**MATERIAL FOR THIS TASK:**
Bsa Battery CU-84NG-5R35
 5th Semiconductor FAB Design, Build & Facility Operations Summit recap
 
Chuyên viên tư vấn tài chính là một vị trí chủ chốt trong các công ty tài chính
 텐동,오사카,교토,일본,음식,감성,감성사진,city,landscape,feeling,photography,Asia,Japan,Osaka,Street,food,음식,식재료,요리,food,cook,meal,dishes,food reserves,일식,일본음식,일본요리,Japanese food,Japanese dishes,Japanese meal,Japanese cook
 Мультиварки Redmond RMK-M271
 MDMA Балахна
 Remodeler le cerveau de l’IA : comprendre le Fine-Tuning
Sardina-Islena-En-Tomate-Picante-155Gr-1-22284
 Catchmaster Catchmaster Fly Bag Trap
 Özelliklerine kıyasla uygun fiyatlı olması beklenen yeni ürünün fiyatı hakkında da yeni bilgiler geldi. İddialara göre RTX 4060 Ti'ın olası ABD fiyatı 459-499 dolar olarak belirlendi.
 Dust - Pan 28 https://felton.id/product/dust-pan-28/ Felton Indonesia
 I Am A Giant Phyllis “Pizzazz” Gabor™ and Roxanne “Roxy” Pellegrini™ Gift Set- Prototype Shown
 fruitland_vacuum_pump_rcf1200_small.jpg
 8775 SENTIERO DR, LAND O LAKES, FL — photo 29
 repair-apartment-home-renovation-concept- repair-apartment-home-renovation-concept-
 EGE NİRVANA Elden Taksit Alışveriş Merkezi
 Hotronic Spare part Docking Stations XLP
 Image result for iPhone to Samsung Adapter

**TASK DIRECTIONS:**
Your reply should consist only of the lines from the one containing "MDMA Балахна" through the last line of the records, each reproduced exactly.

**EXPECTED OUTPUT:**
 MDMA Балахна
 Remodeler le cerveau de l’IA : comprendre le Fine-Tuning
Sardina-Islena-En-Tomate-Picante-155Gr-1-22284
 Catchmaster Catchmaster Fly Bag Trap
 Özelliklerine kıyasla uygun fiyatlı olması beklenen yeni ürünün fiyatı hakkında da yeni bilgiler geldi. İddialara göre RTX 4060 Ti'ın olası ABD fiyatı 459-499 dolar olarak belirlendi.
 Dust - Pan 28 https://felton.id/product/dust-pan-28/ Felton Indonesia
 I Am A Giant Phyllis “Pizzazz” Gabor™ and Roxanne “Roxy” Pellegrini™ Gift Set- Prototype Shown
 fruitland_vacuum_pump_rcf1200_small.jpg
 8775 SENTIERO DR, LAND O LAKES, FL — photo 29
 repair-apartment-home-renovation-concept- repair-apartment-home-renovation-concept-
 EGE NİRVANA Elden Taksit Alışveriş Merkezi
 Hotronic Spare part Docking Stations XLP
 Image result for iPhone to Samsung Adapter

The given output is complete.